Lee Romero

On Content, Collaboration and Findability

Archive for January 14th, 2009

Enterprise Taxonomy – An XML schema for Publishing a Taxonomy

Wednesday, January 14th, 2009

In my continuing dive into the structure of our taxonomy, which, hopefully might be of use or interest to you to understand and possibly adopt to your own needs, so far, I’ve provided an outline of the application solution and then a high level outline of the data model we’re using.
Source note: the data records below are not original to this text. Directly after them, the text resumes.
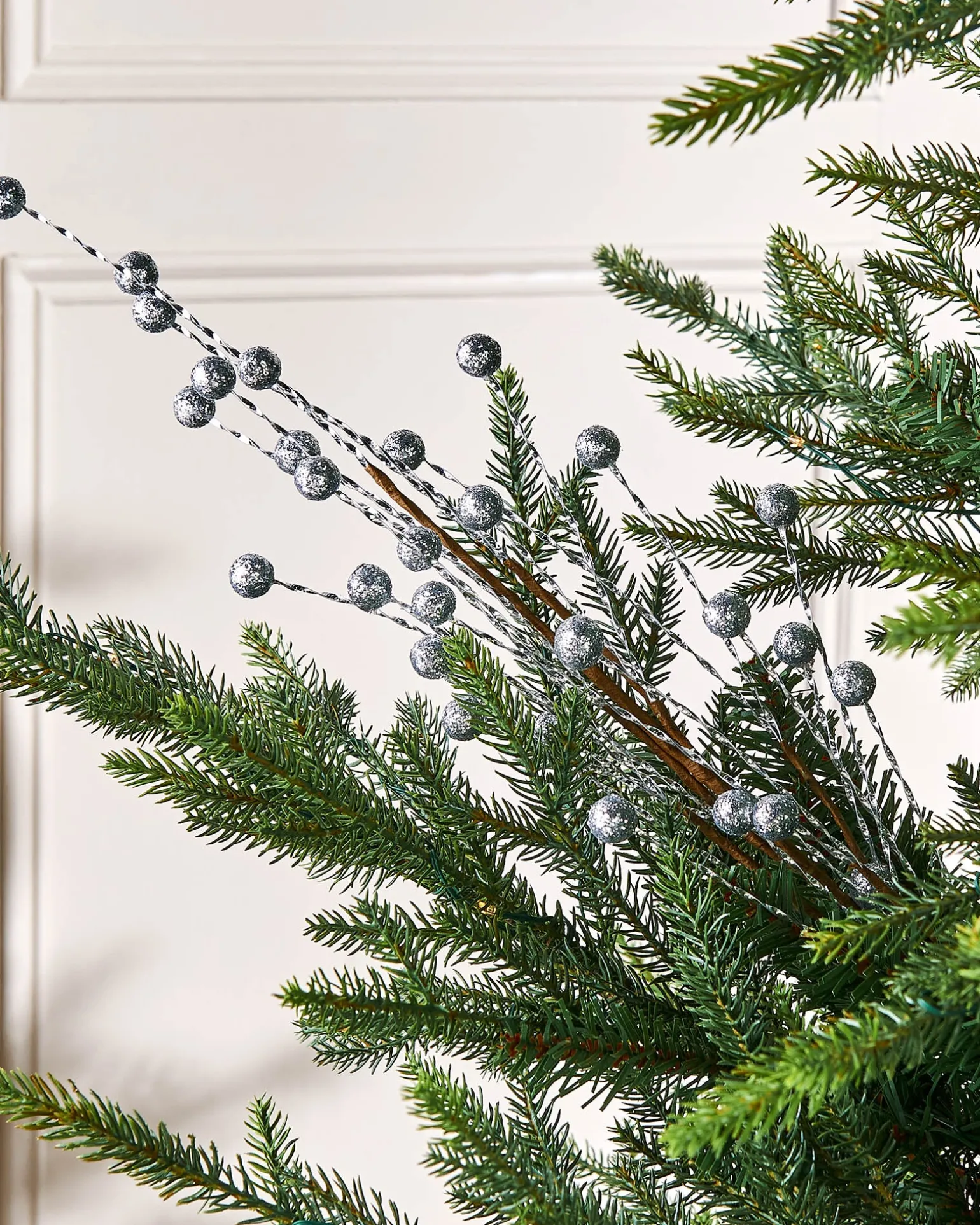 WeRChristmas Silver Berry Christmas Tree Spray, 78 Cm^ Flowers & Foliage|Flowers & Foliage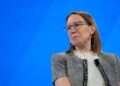 SEC ‘Crypto Mom’ Hester Peirce to Depart: What Her November Exit Means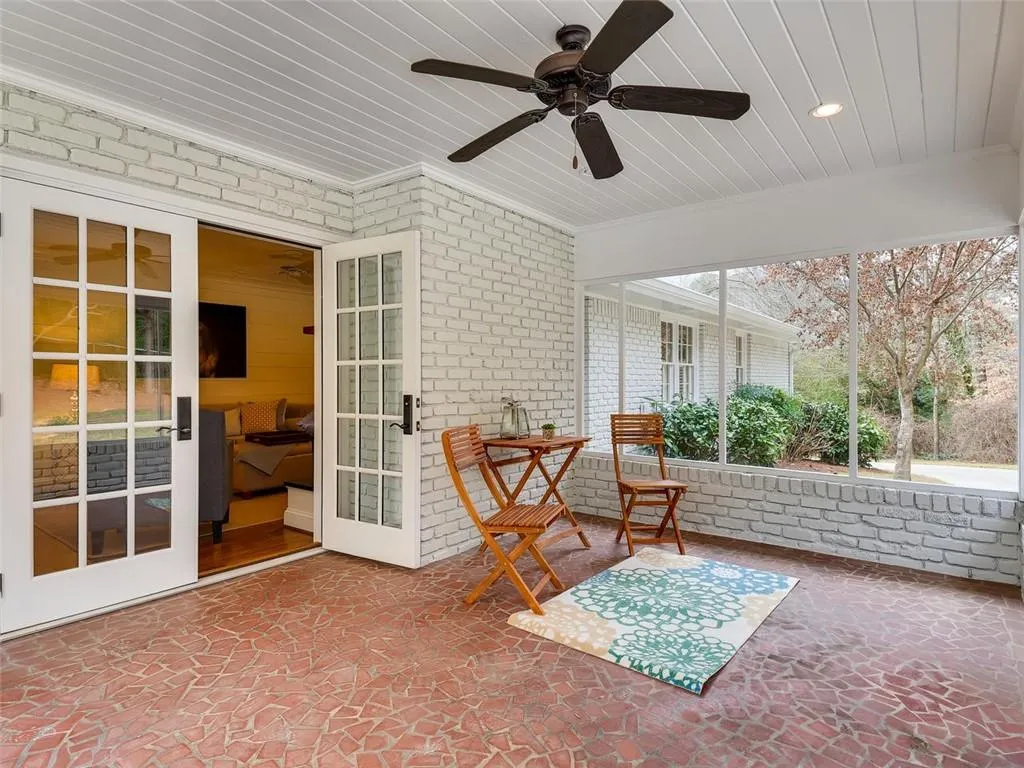 4855 Kendall Court Ne, Sandy Springs, Georgia 30342, 4 Bedrooms Bedrooms, ,2 BathroomsBathrooms,Residential,Sold,4855 Kendall Court Ne,6668124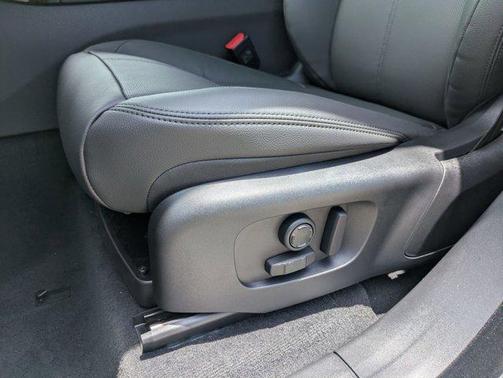 2026 Land Rover Range Rover Velar P250 S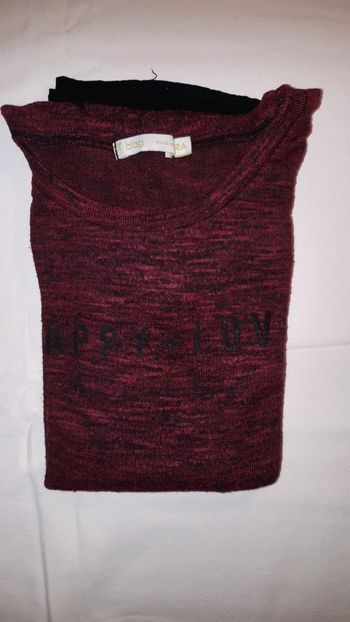 T-shirt bordeau et noir, en taille 12 ans Gémo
One of the important features of our solution is that our taxonomy system provides the ability for other systems to consume the taxonomy via an XML document. I’ll explore that a bit here.

Accessing the XML

Access to the XML document for the taxonomy is through a very simple means: a standard HTTP GET. The query string in the request can specify various parameters on the URL – effectively, a very simple web service. The types of parameters supported include:

  • Identifying which classification is desired (default is to return all)
  • Specifying the statuses of values to include (default will return all)
  • Specifying the language to include (default returns English)
  • Specifying the level of detail of interest (default returns the briefest format)

With regard to the language – one of the business rules followed in our web sites is that you provide content in the user’s selected language when available and return English when the user’s language is not available (English should always be available). This rule is pushed down into this interface at the level of each value. So a consuming application might request the set of German values for the taxonomy and get all of the classification details in German and, say, 99% of the values in German but if there are values that are not translated, those are returned in English. This approach keeps the taxonomy consistent with our general rules (though if taxonomy values are used directly in a user interface, it does present a possibly confusing same-page mix of non-English and English).

Document structure

The returned XML document looks like the following. I’m not using any formal XML schema syntax – instead showing the elements and how they relate to each other with a brief description of th elements that I don’t think are self-explanatory.

  • taxonomy
    • classification – has an attribute id (the ID of the classification)
      • name – has an attribute lang (the language code describing the language of the name element)
      • description – has an attribute lang (the language code describing the language of the description element)
      • status
      • createDate
      • updateDate
      • sourceSystem
      • comments
      • hasValues (a Y/N indicating if a consuming application should expect to find values in the values element)
      • constrained (a Y/N indicating if a consuming application should enforce the rule that values for this classification must come from the list of values provided)
      • multiValued (a Y/N indicating if a consuming application should allow multiple values be assigned for any given content piece)
      • dataType
      • changeHistory – an element with a sequence of elements, one for each auditable event in this item’s life history
      • aliases – has attribute count (the number of alias elements included)
        • alias – a structured element providing details on an alias
      • levels – has an attribute count (the number of levels included)
        • level – a structured element providing details on the level (omitted here)
      • values – has an attribute count (the number of values included)
        • value – has an atribute id (the ID of the value in the taxonomy system)
          • name – has an attribute lang (the language code describing the language of the name element)
          • description – has an attribute lang (the language code describing the language of the description element)
          • status
          • createDate
          • updateDate
          • sourceSystemId
          • levelRef – attribute id (identifies the specific level [in the levels element above] with which this value is associated)
          • aliases – attribute count (the number of aliases for this value)
            • alias – a structured element providing details on an alias
          • changeHistory – Same as for classification
          • values – recursive structure reflecting hierarchy within a classification’s set of values
            • value (etc.)

And that’s the schema. Looks complicated, but it’s really pretty simple, I think. The advantage of this has been that consuming applications do not need to directly access the database containing this (which would be pretty simple in principle) and so can be insulated from changes in the underlying structure of the database as we need to make them.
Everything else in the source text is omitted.